Students have a right to religious expression in public schools
Students in public schools aren't shy about saying what they think. And some of what they think is religious.
How are school officials handing “God talk” in the classroom? Two recent conflicts give us the proverbial good news, bad news about the current treatment of student religious expression in public schools.
First the good news.
Three high-school girls near Seattle were allowed to sing a gospel song at a school assembly on Martin Luther King Jr. Day.
That wouldn't be so remarkable except for the fact that the administration reversed itself — something principals, like umpires, are loath to do.
At first, school officials feared that members of the audience might object to hearing a religious message. But upon reconsideration (and some public outcry), the school decided that eliminating religious music from a program honoring a Baptist minister didn't make much sense.
Now for the bad news.
A public school in New York refused to allow an elementary student's artwork to be displayed because it had religious content, and last month a federal judge upheld the school, ruling that the student's drawings didn't fulfill the teacher's assignment.

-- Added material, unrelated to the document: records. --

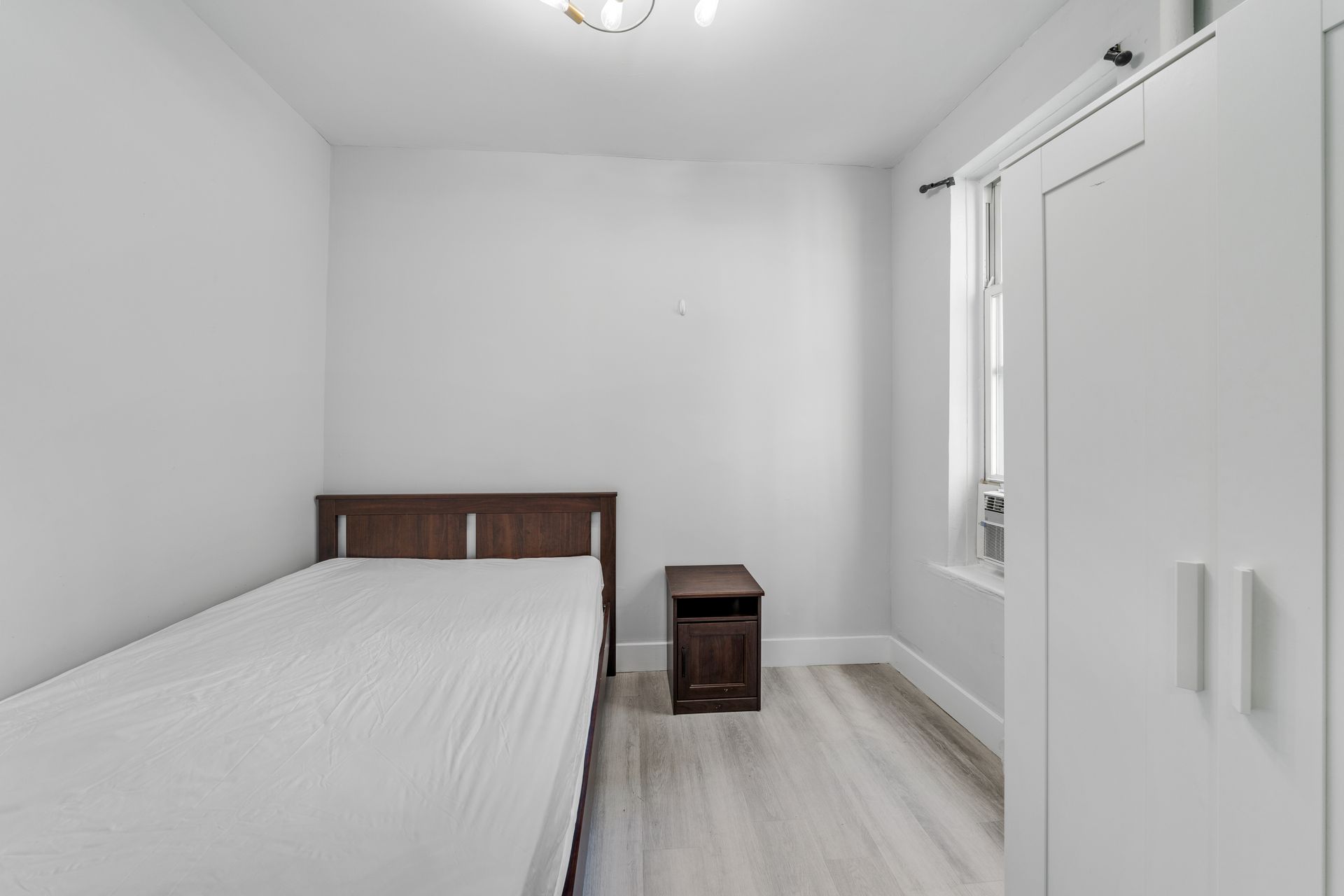 A bedroom with a bed , nightstand , and window.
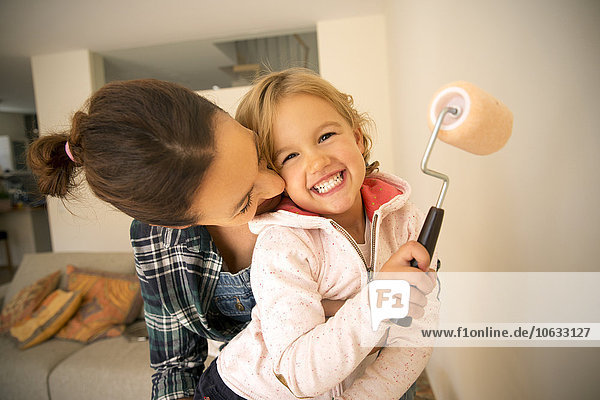Happy woman with daughter painting a wall
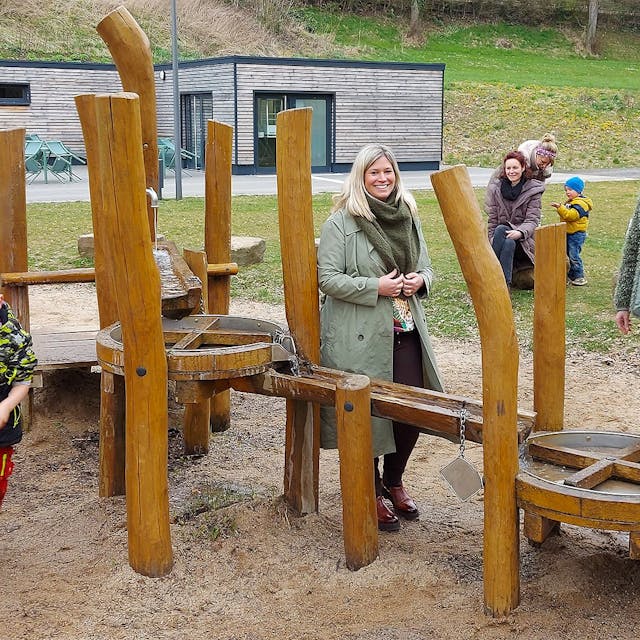 Bürgermeisterin Jennifer Meuren, Annegret Dreimüller und Guido Waters stehen am Kleinkinderspielplatz. Einige Kinder spielen.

It all started when the teacher asked the students to create posters illustrating what they had learned about protecting the environment. She promised that their work would be displayed on a wall in the school.
One seven-year old boy handed in a poster with Christian themes and the message “the only way to save the world.” He was told to try again. His second effort was a drawing of children picking up litter in front of a church and a kneeling man with hands outstretched to the sky. The teacher accepted the second poster, but would only display it after folding over the part with the kneeling man.

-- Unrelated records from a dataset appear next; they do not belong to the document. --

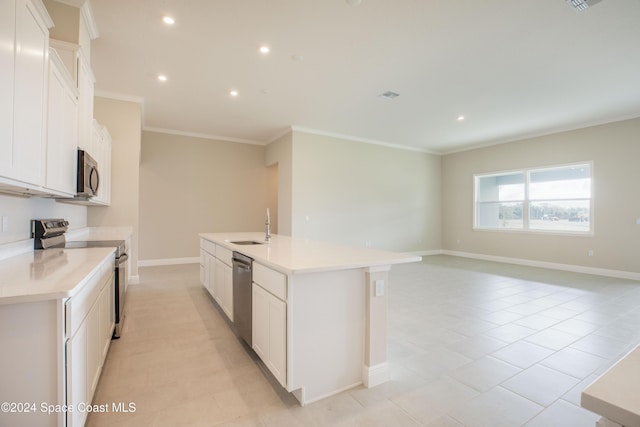 kitchen with white cabinets, appliances with stainless steel finishes, and a kitchen island with sink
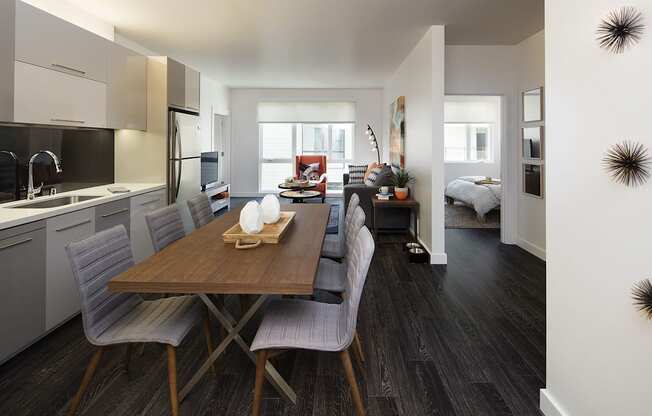 A modern kitchen with a dining table and chairs.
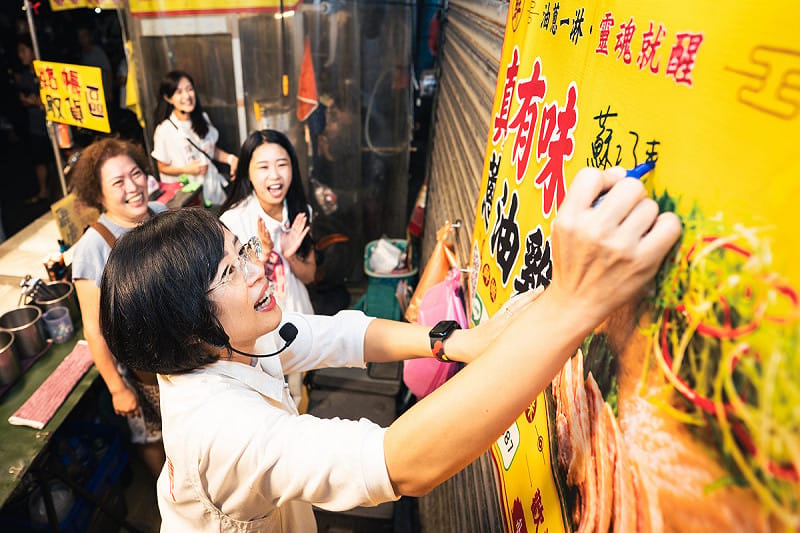 夜市攤商請蘇巧慧在店名海報上簽名。&nbsp;&nbsp;&nbsp;圖：蘇巧慧競總提供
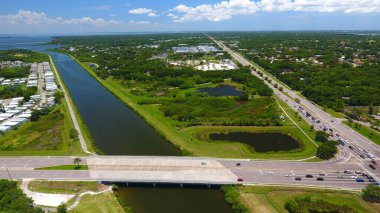 A drone shot of a river flowing to the Lake Tarpon Canal and the Oldsmar Trail Head in Florida, USA clipart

The teacher objected to the posters on two grounds. First, she argued, they didn't respond to the assignment. And second, if she put them on the wall, other kids or their parents might think that the school was endorsing a religious message.
I'm a big supporter of teachers (and their right to control what goes on in the classroom). But both of these arguments strike me as exaggerated and unreasonable.
First, this student clearly believes that the answer to the question of how to save the environment is religious. What's wrong with letting him express that view? Are only secular answers valid or acceptable?
And second, it's hard for me to imagine that any observer — child or adult — would assume that the school is “endorsing” religion because of a child's crayon drawing on a wall with many other drawings.
The school's stand appears to contradict the advice from the U.S. Department of Education on student religious expression in public schools. According to the department's guidelines, “students may express their beliefs about religion in the form of homework, artwork, and other written and oral assignments free of discrimination based on the religious content of their submissions.”
But it's the next sentence in the guidelines that some school officials use to justify eliminating religious expression: “Such home and classroom work should be judged by ordinary academic standards of substance and relevance, and against other legitimate pedagogical concerns identified by the school.”
In this case, the teacher's claims that the posters had not fulfilled the assignment and could be construed to endorse religion were accepted by the court as “legitimate pedagogical concerns.”
It only takes one bad case like this to convince many Americans that public schools have become “religion-free zones” where any mention of God is prohibited.
Fortunately, the majority of public-school teachers allow students to express their faith in their assignments. But that's not good enough. Every school should have a policy in place that directs teachers to treat religious expression by students with fairness and respect.